Oleh: Dewi Setya Swaranurani, pegawai Direktorat Jenderal Pajak

 

Seperti waktu yang hilang, mencarimu dalam sunyi pohon-pohon, dalam musik daun-daun
Menyambut kerinduan panjang, mengakhiri musim yang membakar
Menyusuri kota-kota yang semakin asing, menyusuri sungai-sungai yang mulai tak  ramah,
Kata-kata tak bisa lagi dinyanyikan, musik tak bisa lagi kau dengarkan
Tak ada ruang lagi untuk kerinduan, tak ada lagi tempat untuk bercakap

 

Puisi yang dibuat Ayah dua belas tahun yang lalu seakan membawa langkahku ke rumah masa kecilku.
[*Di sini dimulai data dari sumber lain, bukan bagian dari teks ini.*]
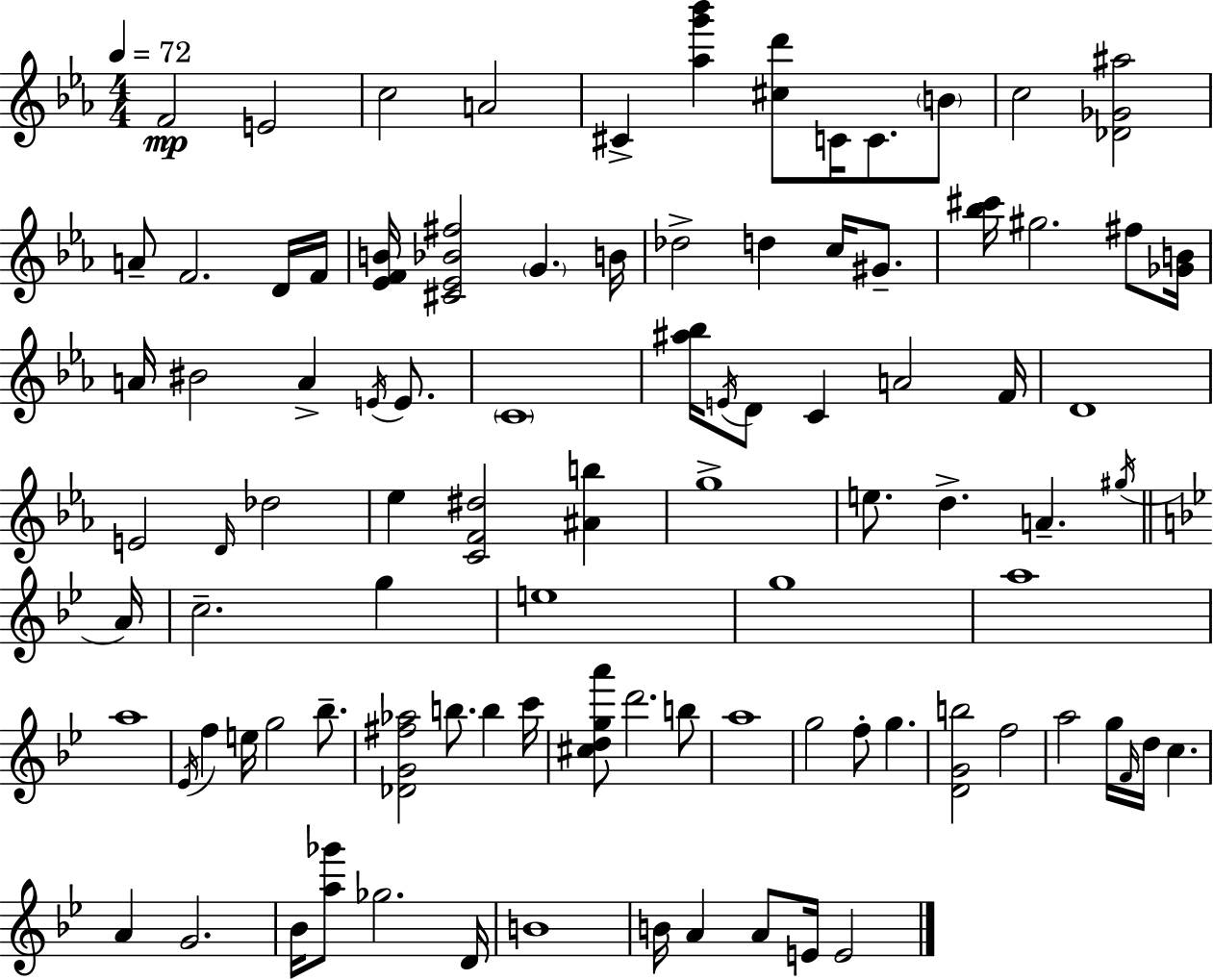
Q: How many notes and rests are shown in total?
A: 94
Setelah bertahun-tahun aku merantau ke pulau seberang, akhirnya aku mempunyai kesempatan untuk mengunjungi rumah lamaku di Pajangan, Bantul, Daerah Istimewa Yogyakarta.  Ketika aku sudah mulai penat, kadang mengunjungi rumah semasa kecil dapat mengobati kerinduanku.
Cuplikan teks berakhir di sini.